▶ [Records for the task]

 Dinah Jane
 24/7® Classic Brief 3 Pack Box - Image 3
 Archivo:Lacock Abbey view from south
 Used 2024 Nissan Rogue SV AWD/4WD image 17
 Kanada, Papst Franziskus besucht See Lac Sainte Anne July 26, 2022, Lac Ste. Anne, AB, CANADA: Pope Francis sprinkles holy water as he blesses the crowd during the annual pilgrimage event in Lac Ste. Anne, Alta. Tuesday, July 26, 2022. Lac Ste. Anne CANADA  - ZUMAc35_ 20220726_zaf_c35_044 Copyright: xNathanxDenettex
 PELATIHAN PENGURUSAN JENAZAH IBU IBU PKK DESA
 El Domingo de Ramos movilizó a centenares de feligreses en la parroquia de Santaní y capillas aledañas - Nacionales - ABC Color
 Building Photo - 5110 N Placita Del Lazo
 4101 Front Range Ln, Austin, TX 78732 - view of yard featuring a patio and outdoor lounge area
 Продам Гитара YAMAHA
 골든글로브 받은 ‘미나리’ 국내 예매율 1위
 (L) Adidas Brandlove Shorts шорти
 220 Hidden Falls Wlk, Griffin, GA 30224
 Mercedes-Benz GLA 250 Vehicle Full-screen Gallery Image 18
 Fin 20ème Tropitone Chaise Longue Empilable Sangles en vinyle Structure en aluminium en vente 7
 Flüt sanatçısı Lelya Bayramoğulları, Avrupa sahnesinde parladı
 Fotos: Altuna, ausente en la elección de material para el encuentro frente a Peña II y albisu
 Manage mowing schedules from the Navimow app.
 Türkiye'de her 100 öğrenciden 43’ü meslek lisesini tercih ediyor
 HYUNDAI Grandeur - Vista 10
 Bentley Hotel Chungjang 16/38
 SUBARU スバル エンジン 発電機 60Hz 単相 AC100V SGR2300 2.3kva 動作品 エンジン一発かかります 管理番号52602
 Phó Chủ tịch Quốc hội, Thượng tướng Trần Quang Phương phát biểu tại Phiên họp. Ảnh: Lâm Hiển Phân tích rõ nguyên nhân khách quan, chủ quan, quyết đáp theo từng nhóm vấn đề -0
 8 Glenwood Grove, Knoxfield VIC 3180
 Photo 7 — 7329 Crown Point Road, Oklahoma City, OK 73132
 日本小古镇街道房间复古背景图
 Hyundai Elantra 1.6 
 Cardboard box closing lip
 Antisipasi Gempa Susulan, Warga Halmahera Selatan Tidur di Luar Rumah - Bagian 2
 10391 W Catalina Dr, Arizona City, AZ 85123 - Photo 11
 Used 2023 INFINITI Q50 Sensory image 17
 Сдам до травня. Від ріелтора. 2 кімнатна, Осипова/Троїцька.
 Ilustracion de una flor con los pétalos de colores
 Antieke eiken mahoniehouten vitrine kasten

▶ [Task to carry out]
Reproduce the lines of the entries above from the one with "4101 Front Range" to the one with "Mercedes-Benz GLA 250", both included, exactly and without any other line.

▶ [Response]
 4101 Front Range Ln, Austin, TX 78732 - view of yard featuring a patio and outdoor lounge area
 Продам Гитара YAMAHA
 골든글로브 받은 ‘미나리’ 국내 예매율 1위
 (L) Adidas Brandlove Shorts шорти
 220 Hidden Falls Wlk, Griffin, GA 30224
 Mercedes-Benz GLA 250 Vehicle Full-screen Gallery Image 18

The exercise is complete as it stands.